Formado pelos cantores Fabrice Morvan e Rob Pilatus, a ascensão da Milli Vanilli começou em 1988, quando lançaram seu álbum de estreia "Girl You Know It's True". O álbum foi um grande sucesso, impulsionado por singles como "Girl You Know It's True", "Blame It on the Rain" e "Baby Don't Forget My Number". A imagem da banda era caracterizada por sua aparência moderna e danças coreografadas, o que os tornou populares no cenário musical da época. Tinham o apelo da dança e do estilo a seu favor, com suas imagens sendo devidamente exploradas.
A dupla, então, cruza com os produtores Frank Farian e Bernd Dietrich, que contrataram outros cantores para gravar as faixas do álbum que seriam lançados por Milli Vanilli. A questão é: ralmente impressiona que muitos figurões não sabiam disso, ou sabiam e faziam vista grossa?
Em um dos depoimentos, um deles já avisa: o que isso importa?
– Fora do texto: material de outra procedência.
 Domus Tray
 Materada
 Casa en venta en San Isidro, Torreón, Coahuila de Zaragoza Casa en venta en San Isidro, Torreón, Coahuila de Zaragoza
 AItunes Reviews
Afinal, na música de massa se está consumindo um produto.
Esse debate é relevante hoje em dia à medida que vivemos a era dos DJs, que lançam singles cheios de efeitos especiais remasterizados, ou mesmo temos a presença da IA fazendo reviver cantores já mortos, como no caso de "Now and then" dos Beatles, lançada em novembro de 2023. Qual o papel, afinal, da autenticidade na arte?
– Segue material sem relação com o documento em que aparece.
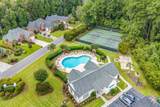 1135 N Blackmoor Dr. - Photo 26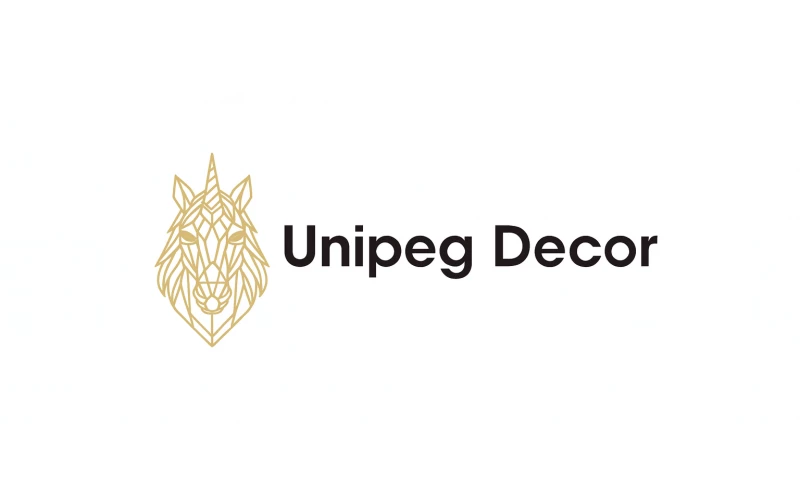 Unipeg Media - Unipeg Decor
O sociólogo Pierre Bourdieu, em suas reflexões sobre o campo cultural, argumenta que a autenticidade desempenha um papel crucial na legitimação simbólica das obras de arte. Ele sugere que as práticas culturais são marcadas por lutas simbólicas, nas quais os artistas buscam estabelecer a autenticidade de suas expressões como forma de obter reconhecimento social. No entanto, o debate sobre a autenticidade nas obras de arte também se conecta a questões de performance e performatividade. Judith Butler, influente teórica queer, argumenta que a autenticidade é uma construção performativa, onde os artistas, ao se engajarem em práticas artísticas, constantemente negociam e redefinem suas identidades perante seus públicos.
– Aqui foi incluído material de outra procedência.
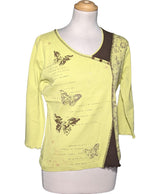 559002 Tops et t-shirts ARMAND THIERY Occasion Once Again Friperie en ligne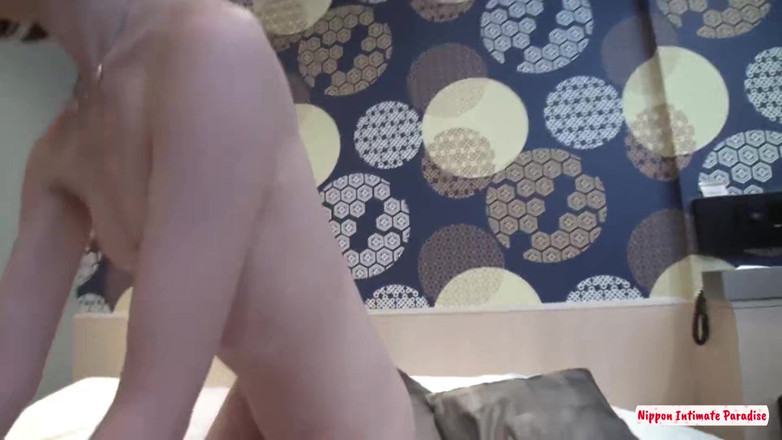 Far east hentai works: Ángel asiático 27255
O que Milli Vanilli fazia era isso: performance. Claro que há um limite do "ser autoral", e se aqui o limite fora claramente extrapolado, muitas vezes eles não ficam claros, como no uso de efeitos provocados pelas tecnologias. Walter Benjamin, por exemplo, introduziu o conceito de "aura" para descrever a autenticidade única e a presença que uma obra de arte original possui em comparação com suas reproduções. Ele argumenta que a reprodutibilidade técnica das obras de arte na era moderna diminui a aura, transformando a relação das pessoas com a arte. Se na cultura de massa se tende a perder a "aura", ao dissolver a singularidade do artista, por outro lado a arte é capaz de criar conexões e experiências. Afinal, o que se quer com a arte?
Ao abraçar a ideia de arte como experiência única, os apreciadores de arte e os críticos são incentivados a valorizar a autenticidade, a singularidade e a complexidade que cada obra de arte oferece. Essa perspectiva desafia as formas mais massificadas e reproduzíveis de apreciação artística, destacando a importância de se envolver profundamente com o momento presente e a singularidade de cada encontro com a arte. O caso de Milli Vanilli apenas expõe essa hipocrisia, e se por um lado extrapolam os limites do aceitável, por ouro lado mostra que ainda estamos em processo de construção e em busca do prazer artístico genuíno.